Highly-depleted gas fields represent prime potential targets for large-scale storage of captured CO2 emitted from industrial sources and fossil-fuel power plants. The most effective way of transporting the captured CO2 for subsequent sequestration using high-pressure pipelines is in the dense phase. The CO2 arriving at the injection well will typically be at pressure greater than 70 bar and at temperature between 4 and 8 ºC. Given the substantially lower pressure at the wellhead, the uncontrolled injection of CO2 will result in its rapid, quasi-adiabatic Joule-Thomson expansion leading to significant temperature drops. This could pose several risks, including hydrate and ice formation around the wellbore and thermal shocking of the wellbore casing steel, leading to its fracture and ultimately escape of CO2.

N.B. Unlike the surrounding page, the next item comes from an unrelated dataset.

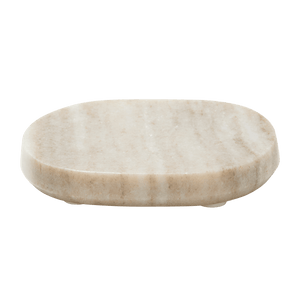 The Marble Soap Dish is beige, oval-shaped, and features a smooth surface with subtle natural veining for an elegant, spa-like look. Shown on a white background.2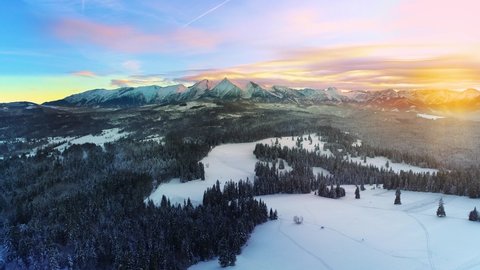 Snow capped mountains in the winter and colorful sunset sky, aerial view. Tatra high mountains and magical unspoiled scenery.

Despite its importance, the modelling of the flow dynamics taking place during the start-up injection of CO2 has been devoted mainly to either steady-state operations or flows where only pure CO2 is injected. In addition, there is little work in the literature regarding the impact of the injection rate and the upstream inlet conditions (e.g. temperature and pressure) on the degree of cooling along the well. Needless to say, the modelling of this flow is extremely complicated. Let us have a closer look at the homogeneous relaxation flow model we employed and the main results we would like to report.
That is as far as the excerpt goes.